ASSIGNED TASK ::
Transcribe exactly the lines that fall between the one holding "Holiday apartment Bock - Outdoor photo 2" and the one holding "2014 renault master", inclusive, from the entries below.

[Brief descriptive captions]
────────────────────────────────────────

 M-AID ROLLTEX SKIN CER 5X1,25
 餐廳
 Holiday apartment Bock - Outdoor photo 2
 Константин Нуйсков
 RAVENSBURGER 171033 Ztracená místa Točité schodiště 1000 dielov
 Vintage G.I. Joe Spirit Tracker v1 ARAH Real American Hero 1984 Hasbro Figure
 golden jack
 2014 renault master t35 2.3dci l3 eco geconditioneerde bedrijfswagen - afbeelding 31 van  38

────────────────────────────────────────

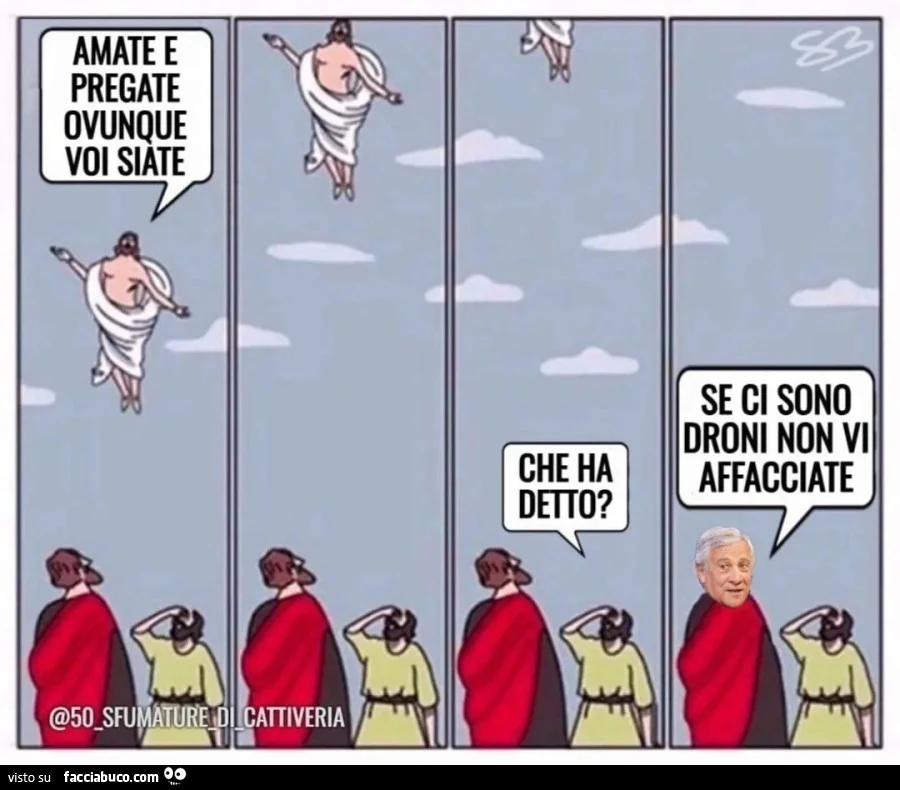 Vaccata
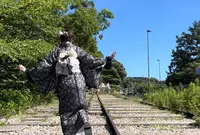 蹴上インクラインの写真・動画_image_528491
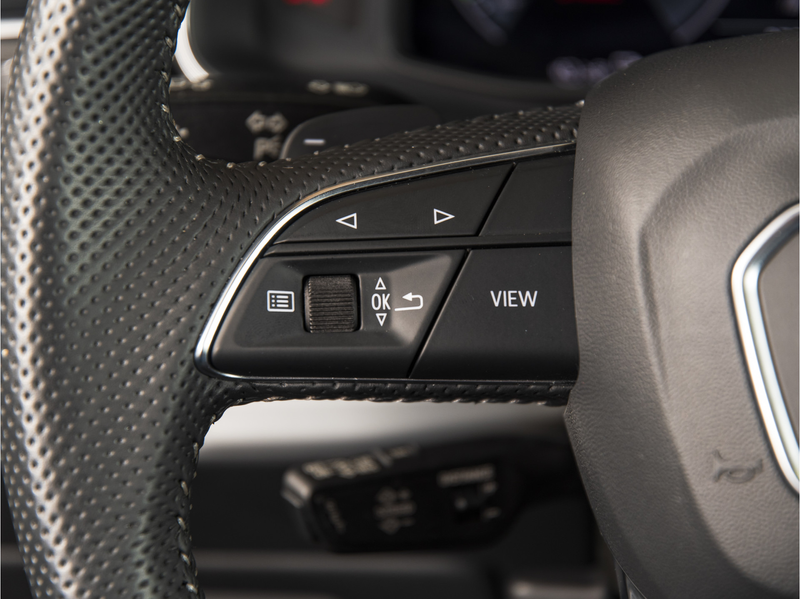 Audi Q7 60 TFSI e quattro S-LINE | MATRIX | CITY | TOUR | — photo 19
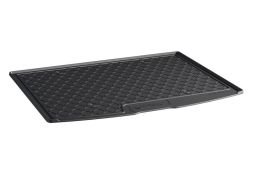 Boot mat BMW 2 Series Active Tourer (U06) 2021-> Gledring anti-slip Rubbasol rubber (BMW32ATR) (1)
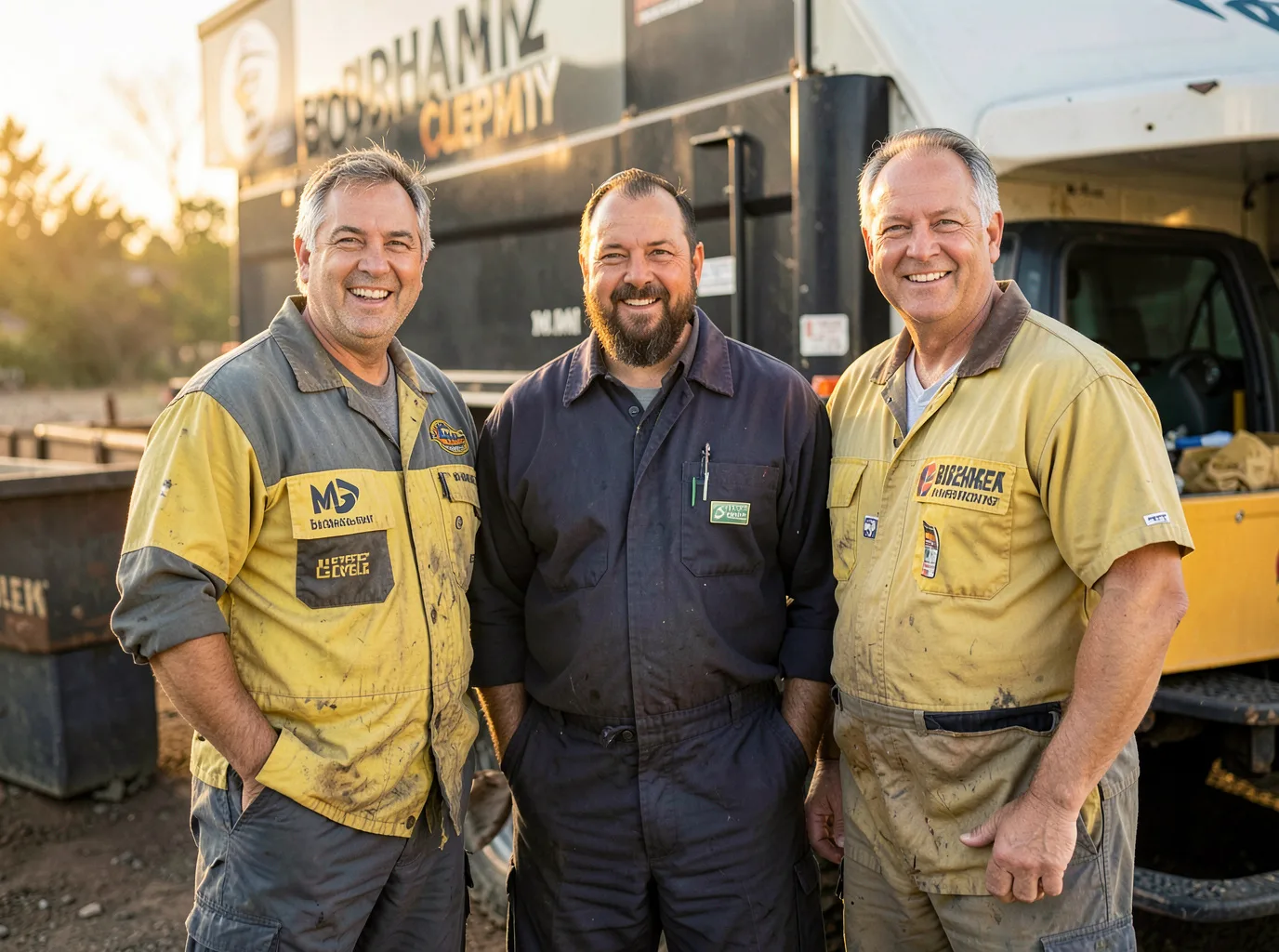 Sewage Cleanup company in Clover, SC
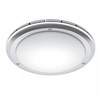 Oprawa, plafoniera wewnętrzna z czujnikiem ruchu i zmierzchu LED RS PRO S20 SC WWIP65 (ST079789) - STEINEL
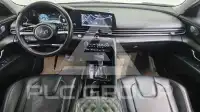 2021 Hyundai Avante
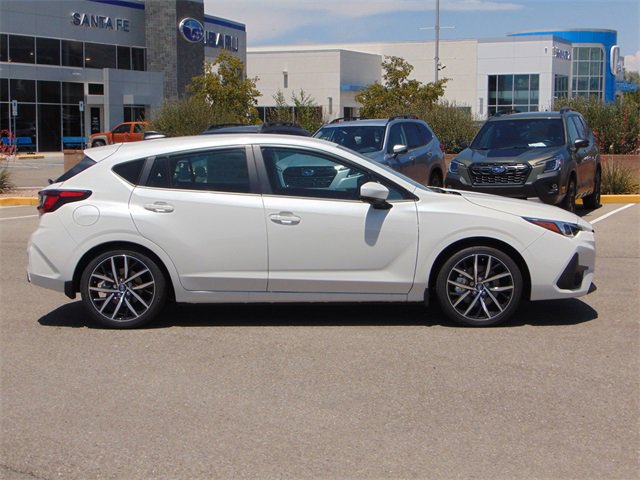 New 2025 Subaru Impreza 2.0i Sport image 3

────────────────────────────────────────

OUTPUT FOR THIS TASK ::
 Holiday apartment Bock - Outdoor photo 2
 Константин Нуйсков
 RAVENSBURGER 171033 Ztracená místa Točité schodiště 1000 dielov
 Vintage G.I. Joe Spirit Tracker v1 ARAH Real American Hero 1984 Hasbro Figure
 golden jack
 2014 renault master t35 2.3dci l3 eco geconditioneerde bedrijfswagen - afbeelding 31 van  38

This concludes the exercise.